Figures from the study showed that Norwegian-born men with Somali family background in the age group 15 to 35 were 4.6 times more likely to have committed a violent crime. Furthermore, men in the same age group with Iraqi backgrounds were 4 times more likely to have committed a violent crime. And again, the same pattern can be seen in Moroccan Norwegians (3.2), Turkish Norwegians (2.8), and Pakistani Norwegians (2.4).
For members in Norway’s rightist Progress Party, these figures clearly indicate that proper integration is not taking place and that the Norwegian government should take more action and “make more demands” to address the problem.
Sigmund Book Mohn of Statistics Norway of Statistics Norway told the Swedish newspaper Aftenposten, “There are significantly higher rates among immigrants for certain types of offenses, such as mistreatment in close relationships. And significantly lower for other types, such as embezzlement.”
Jon Helgheim, the Progress Party’s integration spokesman said that this essentially means that “integration doesn’t happen automatically over time”.
“From 2015-2017, a total of 443 people were charged with “mistreatment in close relationships”, including domestic violence. Of those 443 individuals charged, 185 of them were immigrants.
This clearly points to significant over-representation.
Directly referencing the problem, deputy leader and former Integration Minister Sylvi Listhaug said, “We have to stop hushing it down.”

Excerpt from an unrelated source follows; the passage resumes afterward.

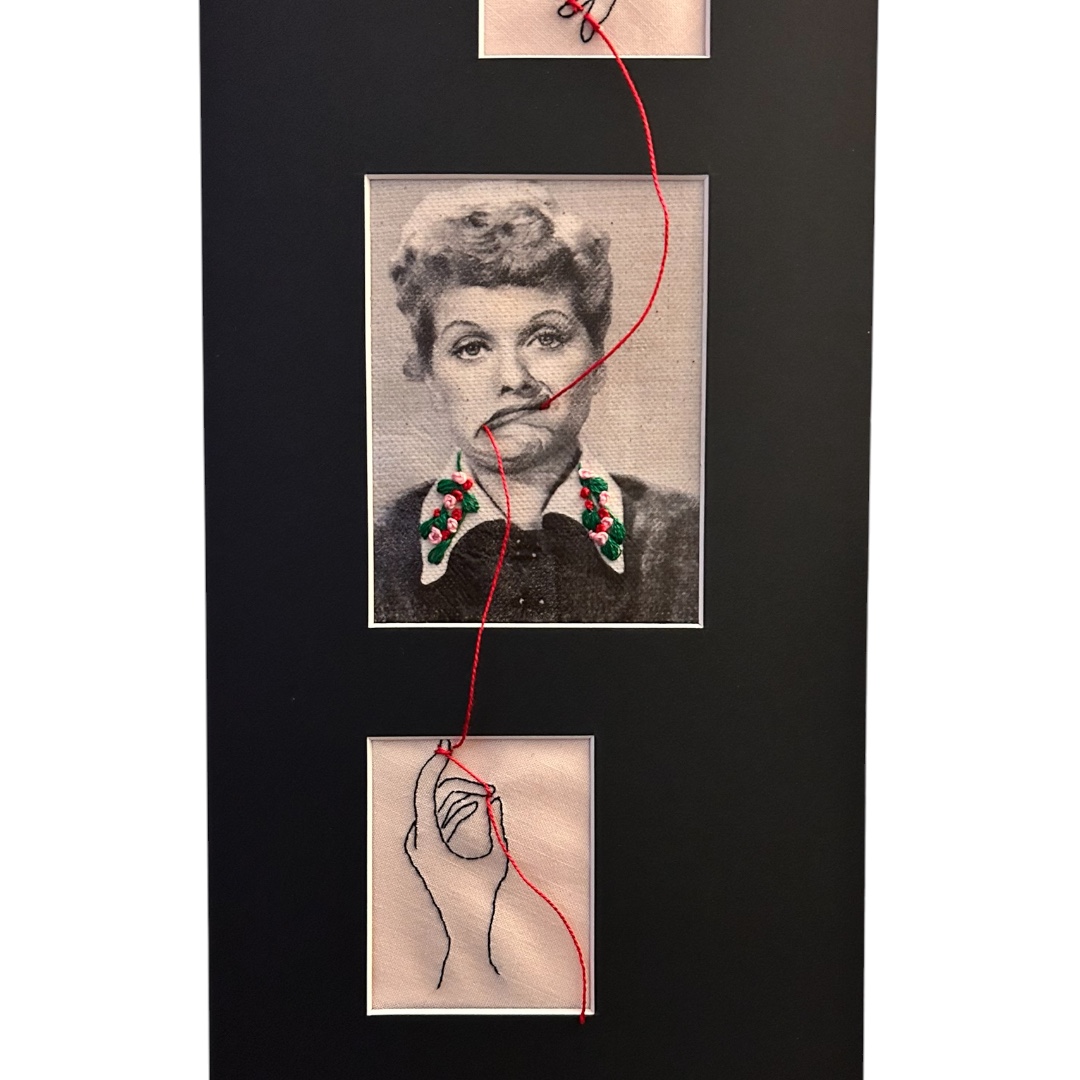 Pulling the Thread — Lucy Ricardo Hand-Embroidered Textile Portrait - Image 3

“It is not so that showering them with money and services, which Norway has been good at, solves the problem. We must make more demands and check better whether the integration measures have any effect,” Helgheim and Listhuag said.
A 2017 report from Statistics Norway also revealed that migrants from certain countries were over-represented in crime statistics. In the report, migrants from Somalia, Iraq, Iran, and Kosovo were all substantially over-represented in crime per capita data during the period between 2010 and 2013. The report also revealed that second-generation migrants were, in fact, typically more likely to commit crimes than their parents. However, refugees’ children were the exception.
In recent years, the percentage of Norwegians with immigrant backgrounds has sharply risen. Today, close to 17 percent of Norwegians have roots abroad.